• [Work request]
Reproduce the full set of records verbatim.

(Dataset records)
===
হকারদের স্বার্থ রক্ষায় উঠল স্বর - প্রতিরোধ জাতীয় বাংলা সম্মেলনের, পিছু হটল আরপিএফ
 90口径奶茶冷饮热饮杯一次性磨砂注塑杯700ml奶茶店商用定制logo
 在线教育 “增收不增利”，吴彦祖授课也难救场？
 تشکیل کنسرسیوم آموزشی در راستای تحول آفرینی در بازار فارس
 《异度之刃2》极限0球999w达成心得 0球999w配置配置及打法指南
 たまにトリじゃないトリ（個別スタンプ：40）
===
• [Solution to this exercise]
হকারদের স্বার্থ রক্ষায় উঠল স্বর - প্রতিরোধ জাতীয় বাংলা সম্মেলনের, পিছু হটল আরপিএফ
 90口径奶茶冷饮热饮杯一次性磨砂注塑杯700ml奶茶店商用定制logo
 在线教育 “增收不增利”，吴彦祖授课也难救场？
 تشکیل کنسرسیوم آموزشی در راستای تحول آفرینی در بازار فارس
 《异度之刃2》极限0球999w达成心得 0球999w配置配置及打法指南
 たまにトリじゃないトリ（個別スタンプ：40）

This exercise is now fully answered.